Security Guidelines for the Accessibility Tree

TL;DR; The existing AXTreeData and AXTreeUpdate structures can be walked in the browser process using ax_tree.h and ax_tree_update.h when no alternatives are available. The trees describe complex documents and can be supplied by compromised renderers. Care should be taken when processing AX data, especially when processing updates. New features using the tree should be hosted in a sandboxed process.

Background

One of Chromium's key features is its multi-process architecture. This brings numerous benefits but presents one key challenge for accessibility.

Operating system accessibility apis expect the ability to synchronously request data about the screen presented as a tree of semantic nodes. These nodes contain numerous attributes describing the node such as its role, display name, bounds, and more. Such an api is at the heart of technologies used for persons with disabilities. This includes software that reads the web page to those with visual impairments, highlights words to those with print disabilities, auto-scans the actionable views on a page for those with motor impairments, and much more.

Since Chromium’s renderers hold the semantics about the web page and the browser requires this data synchronously, Chromium developers had to come up with a way to bridge this gap while keeping the system itself performant.

After trying various approaches, Chromium settled on a model where accessibility trees get serialized from renderers and deserialized in a destination process such as the browser.

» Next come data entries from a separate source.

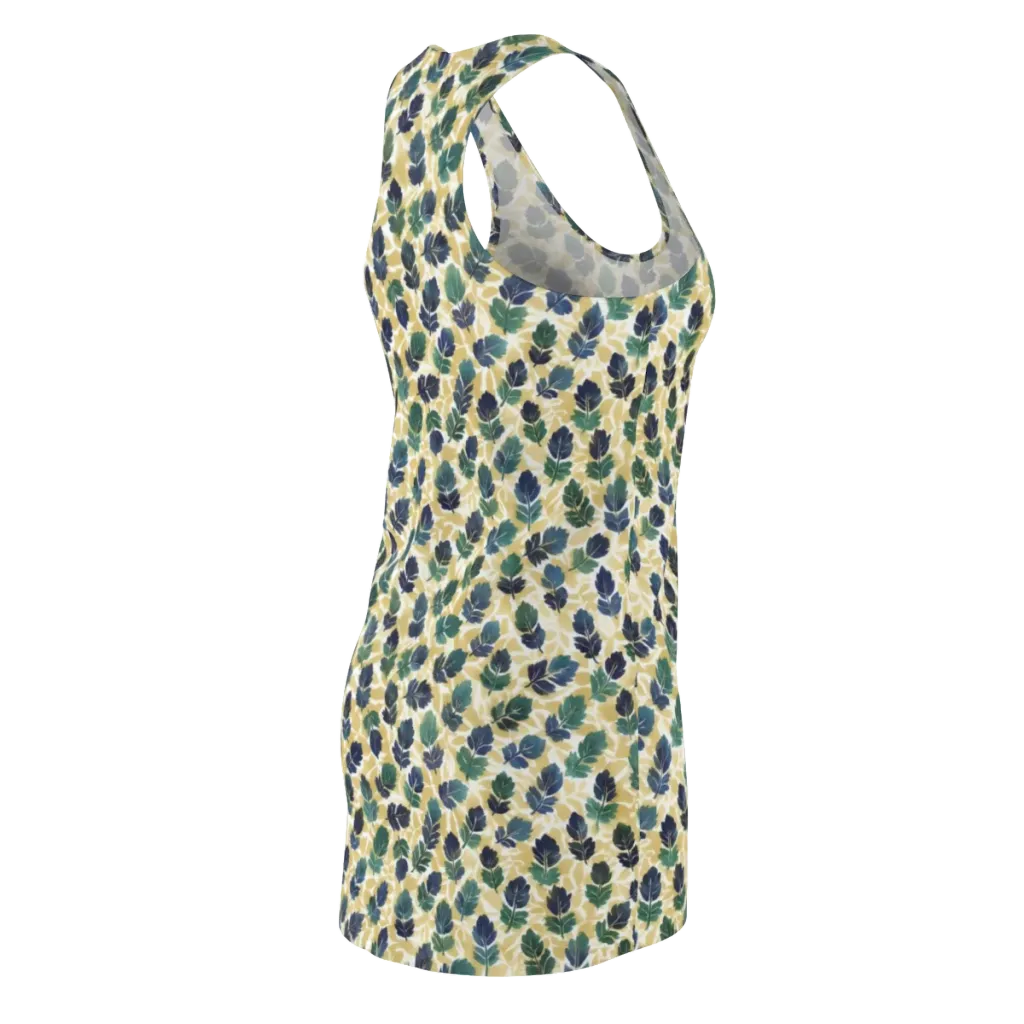 Golden Leaf Drift on Racerback Dress — Back Side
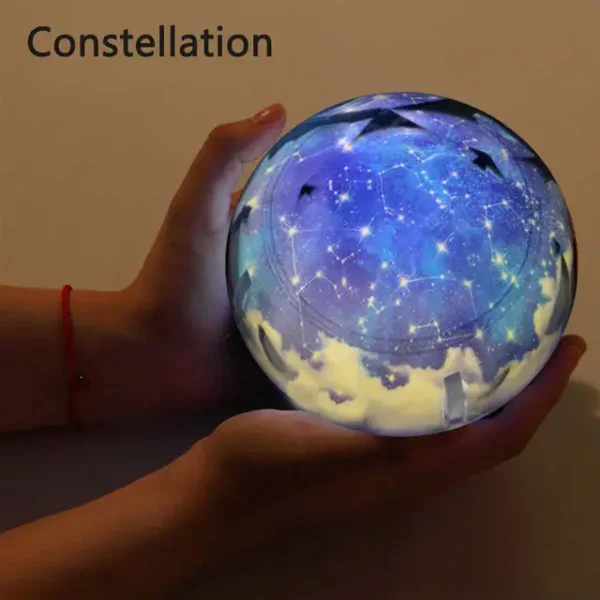 Hand holding a glowing constellation globe showing star patterns and celestial maps, perfect for science education and decorative purposes.
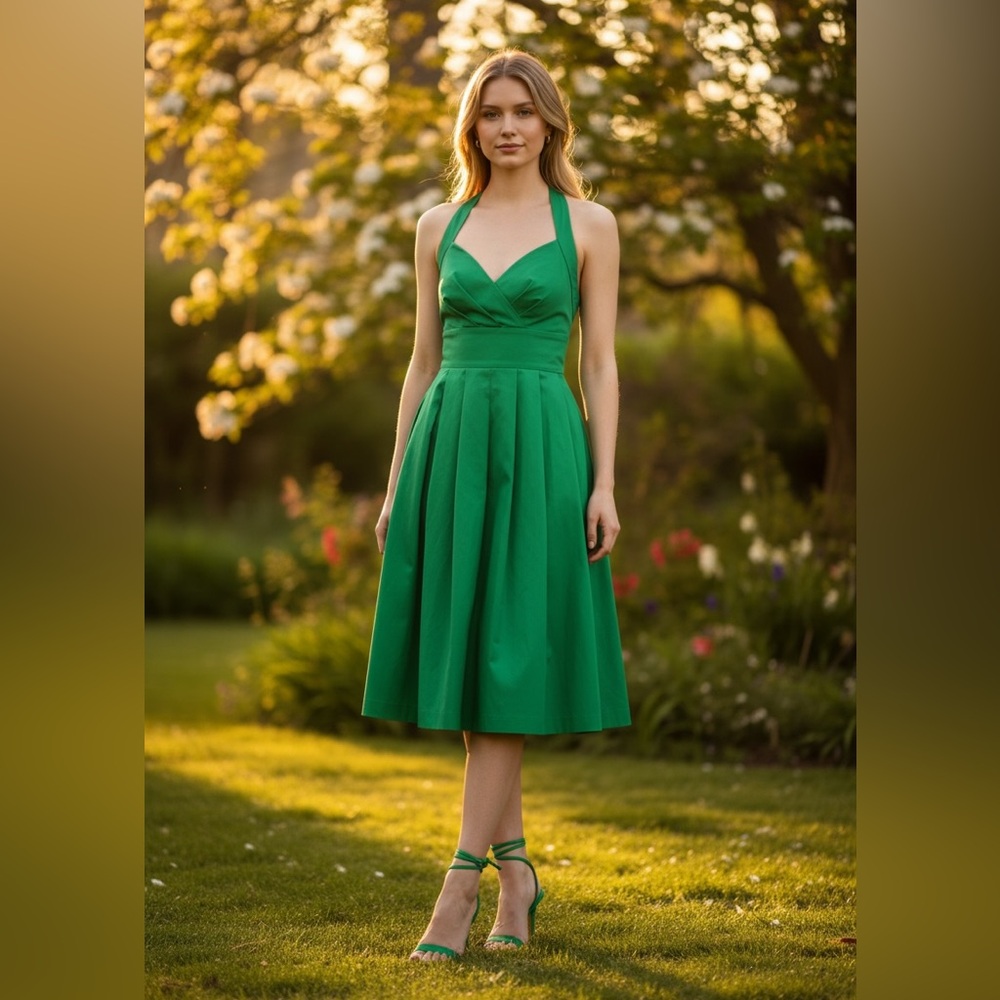 Calvin Klein Green Halter A-line Midi Dress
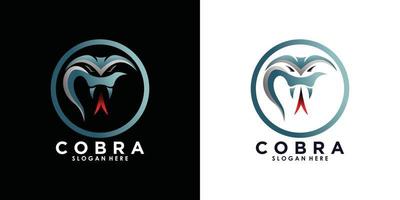 création d'illustration de logo cobra avec vecteur premium de concept créatif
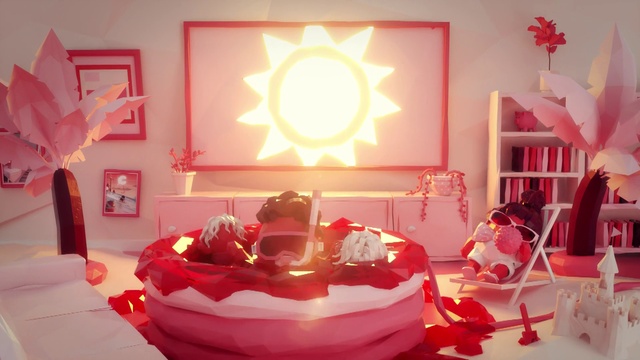 Video Reference: Property, Decoration, Light, Building, Orange, Textile, Comfort, Interior design, Pink, Living room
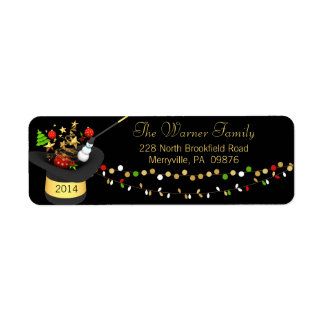 Étiquette Magic Holiday Casquette Garland Adresse de retour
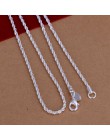 Gorąca sprzedaż detaliczna hurtownie srebrny naszyjnik kobiety mężczyzna naszyjnik 2mm 16 18 20 22 24 cal Twist Rope Chain biżut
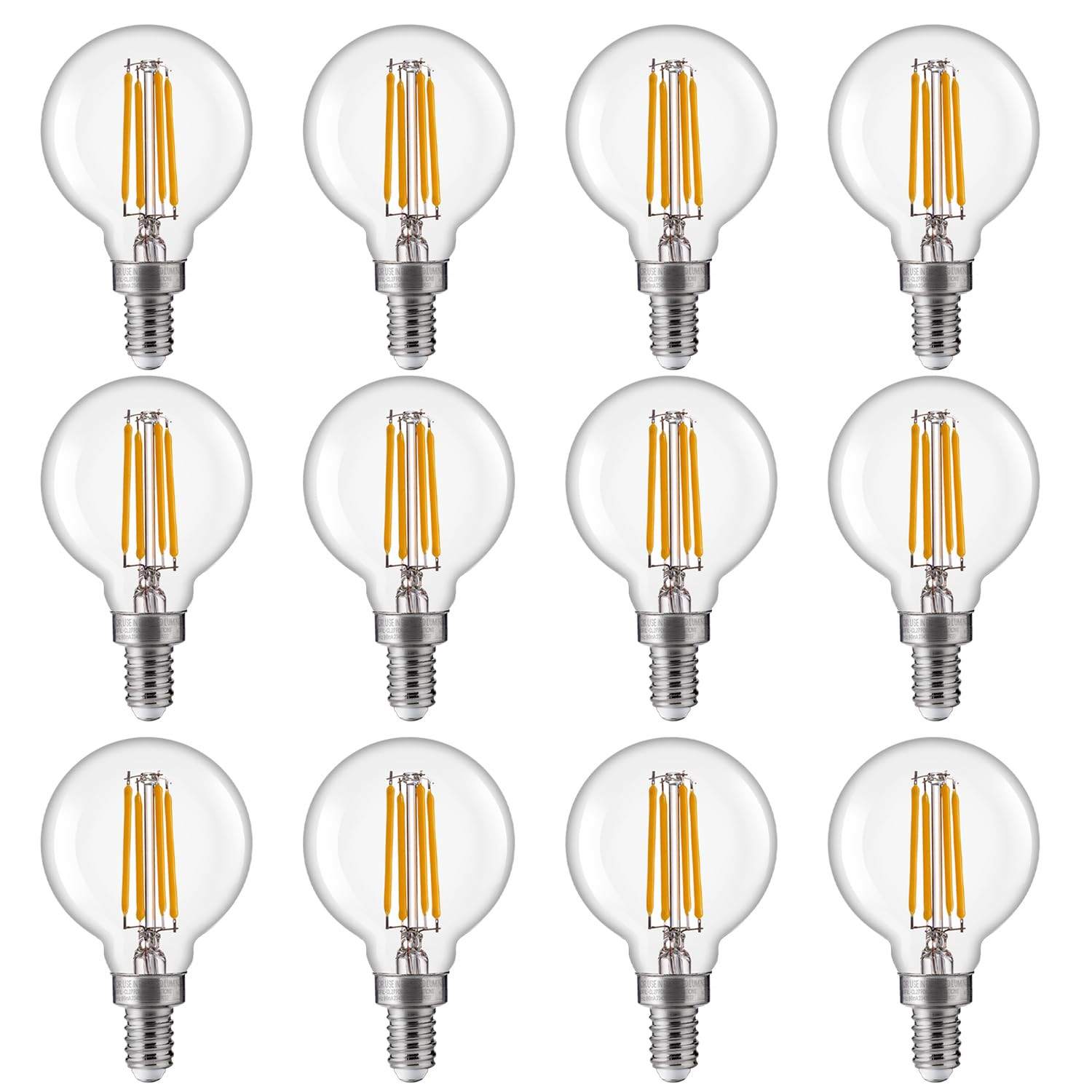 FLSNT 60W Equivalent LED Globe Candelabra Bulbs, Dimmable G16.5 LED E12 Chandelier Light Bulbs, 5... | Amazon (US)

Although designed for features and extensions that improve Chrome’s accessibility, many other features make use of the trees and updates. The AX tree provides a convenient way to snapshot embedded frames, and surface page structure, without the features needing to walk the DOM or inject scripts into renderers.

In Chrome, the rule-of-two requires any C++ code in the browser process to only act on trustworthy data from renderers. This is usually achieved by passing data to the browser over mojo, which validates the data’s format and enforces that it is properly typed. AXTreeData and AXTreeUpdate (along with other AX mojom types) serve this purpose for accessibility tree snapshots and updates. Consumers of these structures should access them via ax_tree.h and ax_tree_update.h and need not further validate the /format/ of the data they represent. Normal web contents and javascript should not be able to generate or send invalid snapshots or updates.

However the AX Tree is complex and its attributes fields are not validated. Fundamentally the rule-of-two exists to prevent us acting on web content with bugprone C++ code. As the AXTree embeds and is controlled by web content we would implement it differently today. Its current design is necessary to work with accessibility tooling on operating systems that were not designed from the ground up to host web content.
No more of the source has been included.